----- Given data

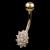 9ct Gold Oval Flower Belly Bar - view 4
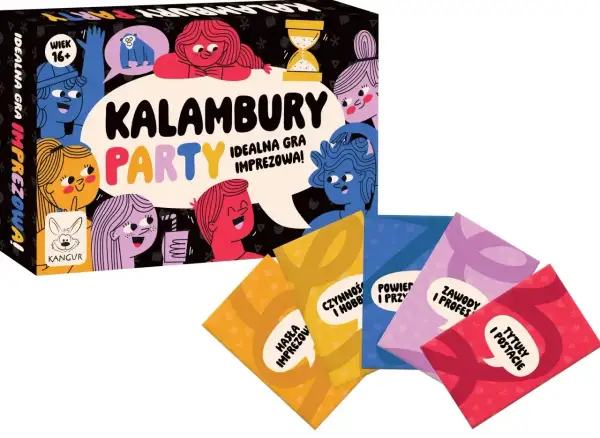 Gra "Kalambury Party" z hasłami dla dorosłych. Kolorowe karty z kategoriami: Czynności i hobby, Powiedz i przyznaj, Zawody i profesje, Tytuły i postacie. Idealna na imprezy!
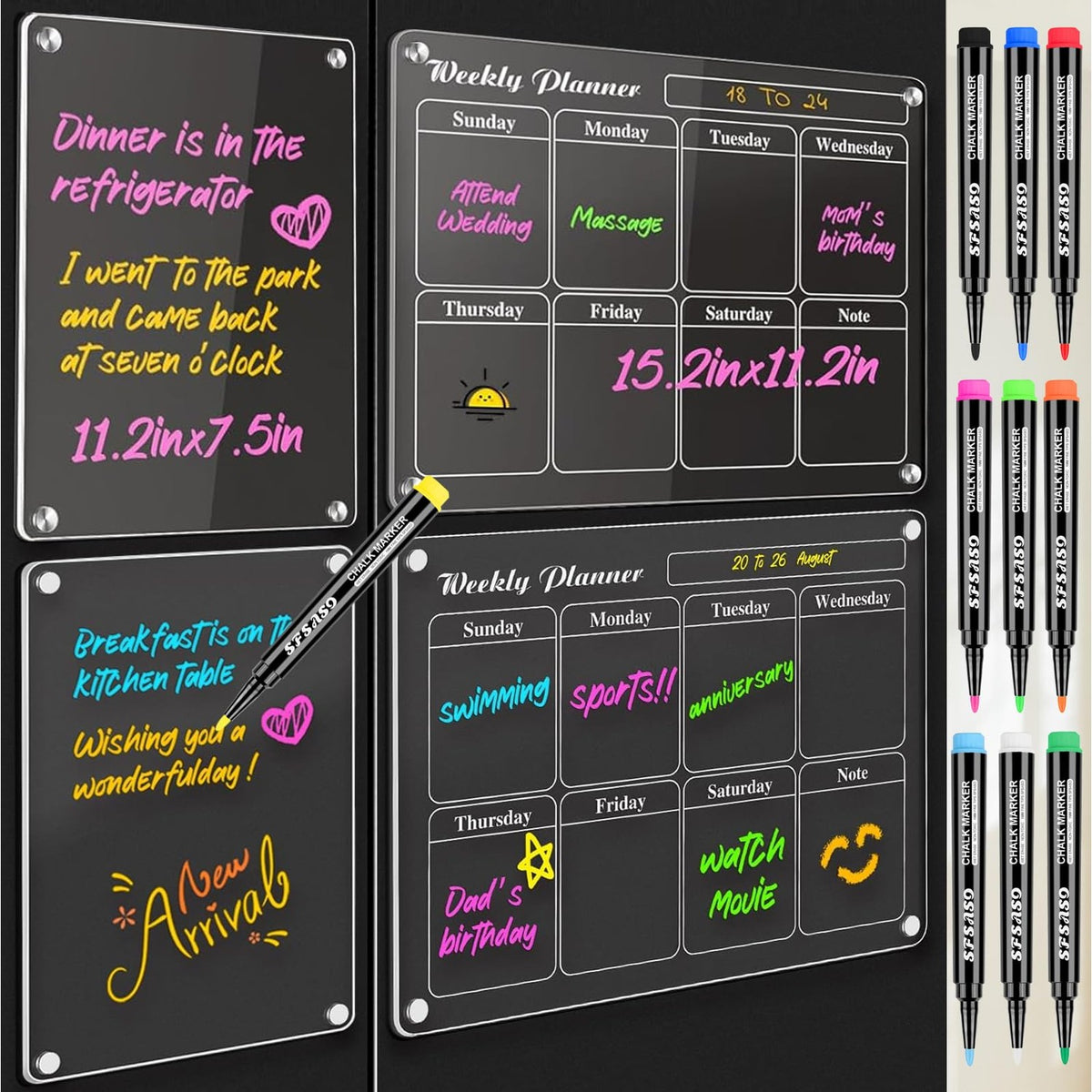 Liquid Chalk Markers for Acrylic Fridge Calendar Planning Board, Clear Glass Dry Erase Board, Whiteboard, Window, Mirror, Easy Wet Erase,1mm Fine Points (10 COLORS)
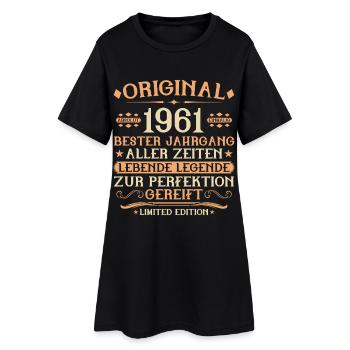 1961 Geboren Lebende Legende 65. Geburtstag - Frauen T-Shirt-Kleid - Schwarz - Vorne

----------

■ Your task
Where the line containing "Liquid Chalk Markers" appears, begin writing out the lines exactly, and continue through the end of the material above, omitting pictures.

■ Answer for the task
 Liquid Chalk Markers for Acrylic Fridge Calendar Planning Board, Clear Glass Dry Erase Board, Whiteboard, Window, Mirror, Easy Wet Erase,1mm Fine Points (10 COLORS)
 1961 Geboren Lebende Legende 65. Geburtstag - Frauen T-Shirt-Kleid - Schwarz - Vorne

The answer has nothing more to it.